Craft a summery sangria
It’s officially the height of summer, so it’s time to step into the sun and break out the jams.
A summer jam can be many things, but mostly it should inspire you to crank the stereo to 11, pour a drink and wiggle. Few songs do this as well as the 1991 classic by The Fresh Prince (Will Smith, for those of you who weren’t born yet) and DJ Jazzy Jeff: “Summertime,” an anthem to everything wonderful about summer.
The challenge, of course, is to create a drink worthy of the lyrics, the music video, the background singers and their glorious chirrup of “summer, summer, summertime.” Start by dropping the brown spirits, ignoring your heavy hitters, putting down the vodka. “You’re invited to a barbecue that’s starting at 4,” as the song goes, so it’s time to whip up a batch of summer’s favorite party cocktail: sangria.
You can do better than the recipe you’ve been using since you were 21. Upgrade to a base of a summery rose, and hit the farmers market for some lush stone fruit, which are trickling into market from now until September. Peaches, apricots, nectarines — they’re all perfectly lovely swimming in this porch pounder.
Ready the punch bowl.
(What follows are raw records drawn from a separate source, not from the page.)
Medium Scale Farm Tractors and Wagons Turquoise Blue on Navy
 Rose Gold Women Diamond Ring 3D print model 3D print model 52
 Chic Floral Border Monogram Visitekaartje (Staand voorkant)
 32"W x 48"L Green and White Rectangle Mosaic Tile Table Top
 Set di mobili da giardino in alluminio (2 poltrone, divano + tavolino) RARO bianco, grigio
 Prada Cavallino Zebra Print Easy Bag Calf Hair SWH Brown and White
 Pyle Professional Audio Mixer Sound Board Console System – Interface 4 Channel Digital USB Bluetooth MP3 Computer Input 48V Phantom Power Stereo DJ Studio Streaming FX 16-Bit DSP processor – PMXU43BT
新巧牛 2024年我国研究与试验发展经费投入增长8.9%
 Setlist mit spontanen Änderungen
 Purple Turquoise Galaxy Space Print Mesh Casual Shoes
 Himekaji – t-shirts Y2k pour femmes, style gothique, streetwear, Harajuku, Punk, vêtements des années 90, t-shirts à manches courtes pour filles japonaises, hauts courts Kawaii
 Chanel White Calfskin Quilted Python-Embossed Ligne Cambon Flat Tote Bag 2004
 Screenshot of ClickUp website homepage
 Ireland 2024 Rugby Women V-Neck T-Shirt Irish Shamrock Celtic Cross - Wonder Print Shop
After a few sips of this drink “everybody come lookin’ real fine.”
The Fresh Pink of Bel-Air Sangria
Prep: 15 minutes
Makes: 8-10 servings
2 bottles still rose wine
1 cup sliced stone fruit (peaches, cherries, apricots or nectarines, or a combination of your choosing)
1 cup sliced strawberries or other ripe berries, like raspberries
1/4 cup elderflower liqueur, such as St-Germain, optional
1 bottle rose sparkling wine
1 cup sparkling water or soda, such as Topo Chico
10 mint leaves, plus extra for garnish
In a punch bowl, pitcher or similar large container, combine the still rose, fruit and
liqueur, if using. Give it a good stir and, if you have time, allow to macerate in the fridge for at least 1 hour (though overnight won’t hurt). Just before you serve, add the sparkling rose, water and mint. Serve with fruit floating in the glass and a mint-sprig garnish.